On October 14, the Center for American Progress published a disconcerting report on the oil industry’s influence over our universities. Titled “Big Oil Goes to College”, the report analyzes 10 research collaboration contracts between major oil companies and universities. Author Jennifer Washburn highlights the following:
- In nine of the 10 energy-research agreements we analyzed, the university partners failed to retain majority academic control over the central governing body charged with directing the university-industry alliance. Four of the 10 alliances actually give the industry sponsors full governance control.
- Eight of the 10 agreements permit the corporate sponsor or sponsors to fully control both the evaluation and selection of faculty research proposals in each new grant cycle.
- None of the 10 agreements requires faculty research proposals to be evaluated and awarded funding based on independent expert peer review, the traditional method for awarding academic and scientific research grants fairly and impartially based on scientific merit.
- Eight of the 10 alliance agreements fail to specify transparently, in advance, how faculty may apply for alliance funding, and what the specific evaluation and selection criteria will be.
- Nine of the 10 agreements call for no specific management of financial conflicts of interest related to the alliance and its research functions. None of these agreements, for example, specifies that committee members charged with evaluating and selecting faculty research proposals must be impartial, and may not award corporate funding to themselves. (See summary of main findings for details, pages 52-59, and the Appendices beginning on page 75.)
Washburn continues,
…According to some estimates, because of the federal government’s growing preference for allocating federal R&D funds through corporate matching grants and other cost-sharing and cooperative-research arrangements, private industry now directly influences anywhere from 20 percent to 25 percent of university research funding overall. In this way, a significant share of U.S. taxpayer funding that starts out as “public” funding is effectively turned “private” by the time it reaches the university investigators in their academic labs.

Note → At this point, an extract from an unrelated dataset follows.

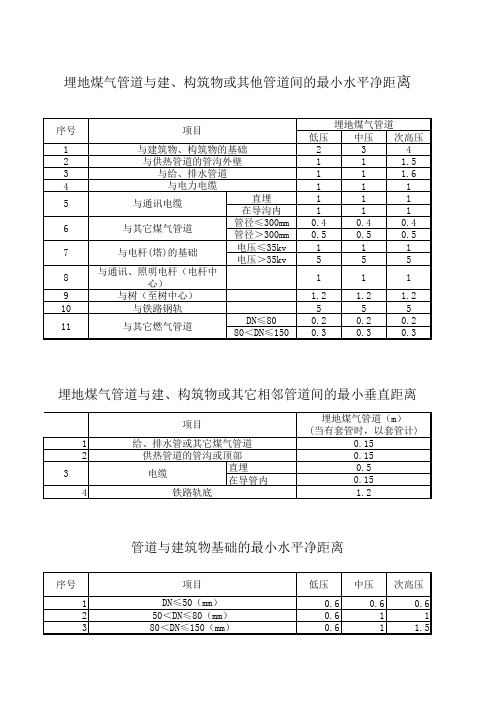 埋地煤气管道与建筑及相邻管道的水平净距离要求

On a related note, Washburn writes, “From 1993 to 2006, U.S. government spending on all energy-related R&D (in real dollars) averag[ed] $3.6 billion per year…. This is 60 percent less than the $9 billion the U.S. government spent on energy R&D [in a single year] in 1979. In contrast, a 2006 UC Davis study estimated that the cost to American taxpayers of defending U.S. oil and related economic interests in the Persian Gulf ranged in the tens of billions of dollars annually. Economist Joseph Stiglitz conservatively estimated that in addition to the blood spilled, the cost of the Iraq War would exceed $3 trillion.